Until the antitrust body of the PCC finishes their review of the said merger, Uber will remain operational. They’ve also created interim measures. The PCC has set no end date for the said order, it could last just weeks or maybe even up to 6 months. The PCC’s counterpart in Singapore made a similar move where it ordered Uber to maintain operations in their country until April 15.
“Uber’s compliance to the order in Singapore, indicates the feasibility of continuing its operations in the Philippines as well,” PCC Chairman Arsenio Balisacan said.
Apart from that, Balisican stated that despite Uber’s claims that they’ve left the market, they are still more than capable of operating their TNVS app in the country.
“The PCC believes that Uber is capable of operating its ride-hailing app in the country, despite its claims that it has already exited the Southeast Asia market,” He said.

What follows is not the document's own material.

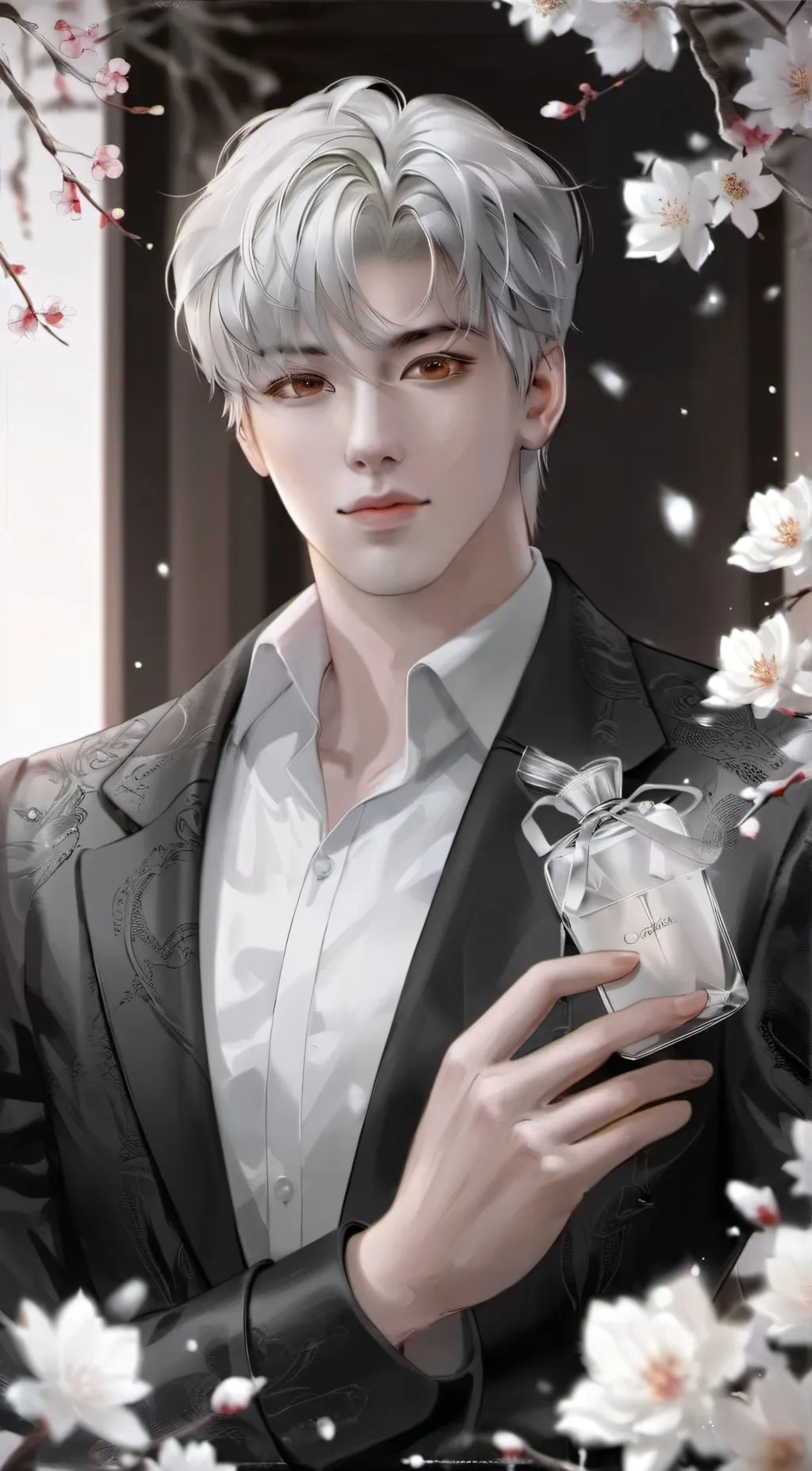 ai character: Rex background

The PCC has also given both TNVS providers five days to comply with their conditions, should they fail they would be forced to “show cause” within 24 hours after the five-day deadline. Other than that, they may also be subject to penalties which can range from Php 50,000 to Php 2 Million.
Lastly, in a public hearing conducted on April 5, Uber chief business officer for Asia Pacific, Brooks Entwistle, stated that the company no longer intends to return to the market. He also said that they are slowly losing ground in the market.
“Our people are gone. Our funding is gone. Our marketplace is falling apart by every day as we transition [to Grab],” Entwistle said.